↓
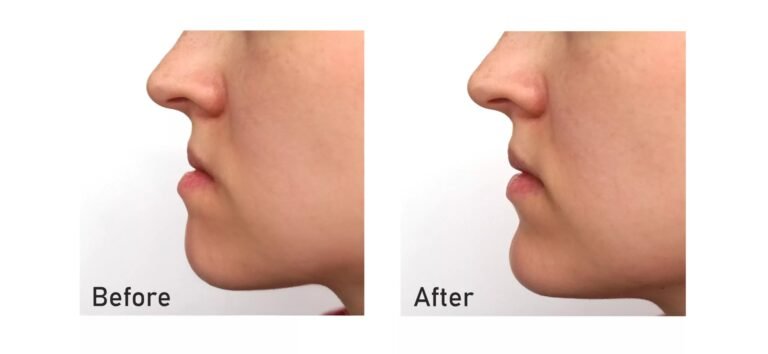 Orthognathic Surgery: Improving Jaw Alignment & Health
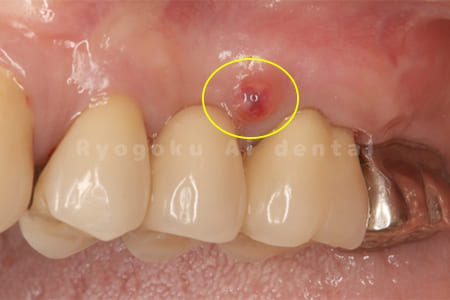 慢性根尖性歯周炎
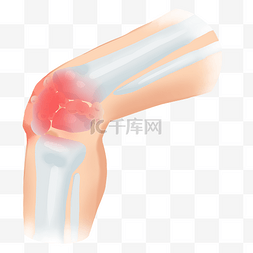 足部疼痛图片_膝关节关节炎疼痛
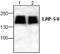 LDL Receptor Related Protein 5 antibody, GTX59655, GeneTex, Western Blot image 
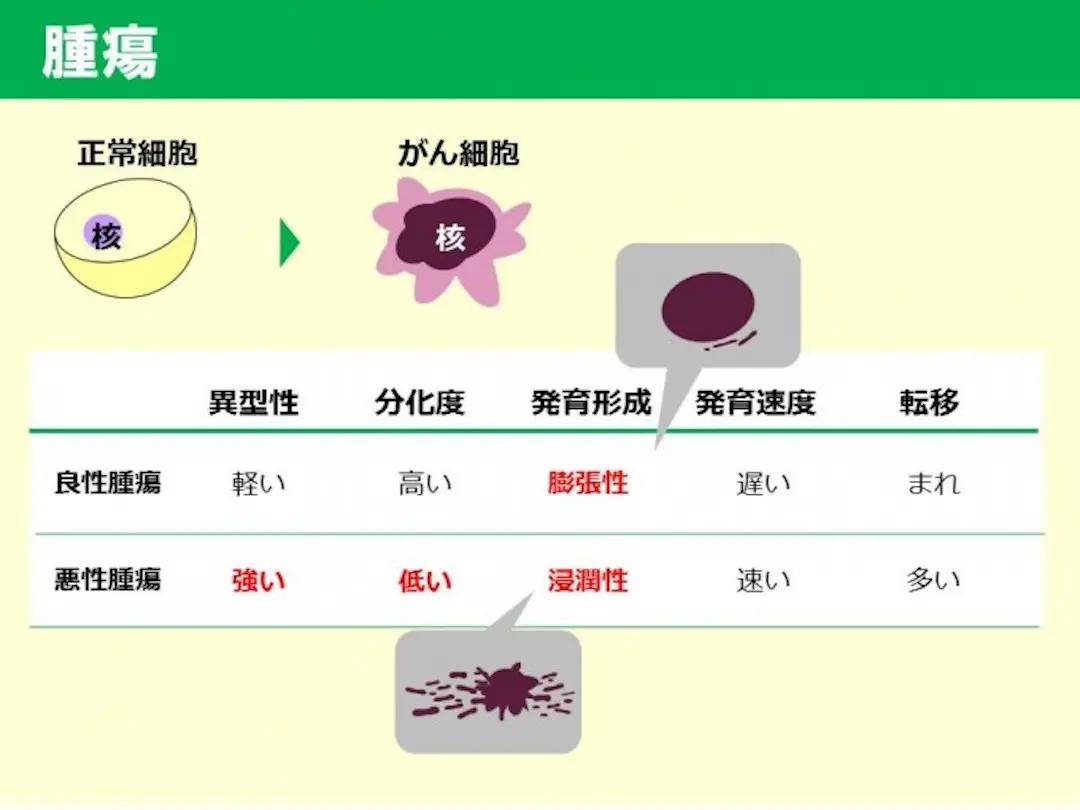 腫瘍の大きさと位置は治療にどのような影響を与えますか?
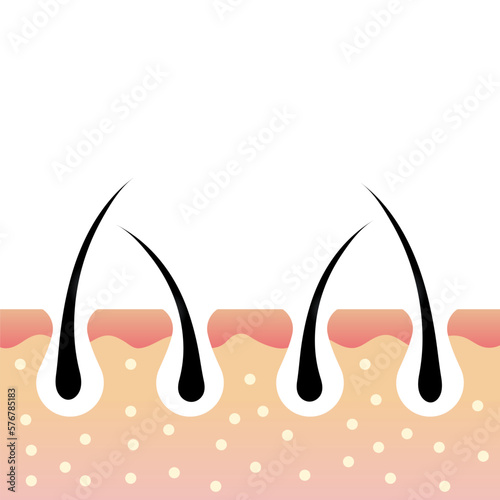 Skin anatomy. Hair follicle. Skin layers. Dermatology concept. Hair roots inside the skin. Vector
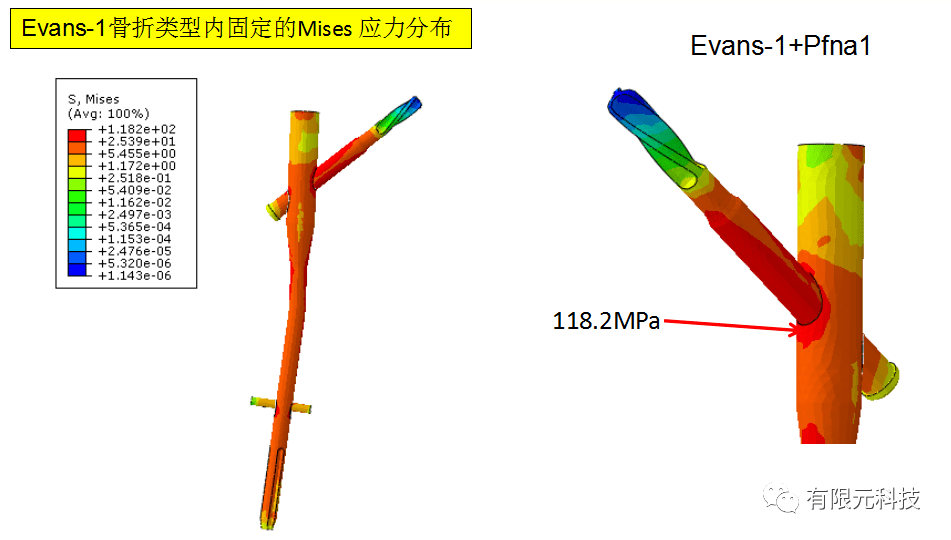 可以拟实建立三维人体骨骼,肌肉,血管等器官组织,并模拟其生物力学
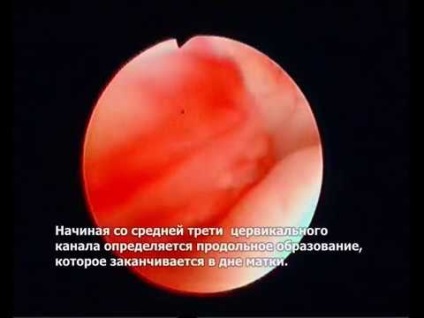 Okai összenövések a méhben és a kezelési módszerek (orális) Az okok a letapadás kialakulását az üregben a méh és a kezelések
↑
• **Your instructions**:
Retype the whole of the data verbatim. Skip every picture.

• **Reply**:
 Orthognathic Surgery: Improving Jaw Alignment & Health
 慢性根尖性歯周炎
 足部疼痛图片_膝关节关节炎疼痛
 LDL Receptor Related Protein 5 antibody, GTX59655, GeneTex, Western Blot image 
 腫瘍の大きさと位置は治療にどのような影響を与えますか?
 Skin anatomy. Hair follicle. Skin layers. Dermatology concept. Hair roots inside the skin. Vector
 可以拟实建立三维人体骨骼,肌肉,血管等器官组织,并模拟其生物力学
 Okai összenövések a méhben és a kezelési módszerek (orális) Az okok a letapadás kialakulását az üregben a méh és a kezelések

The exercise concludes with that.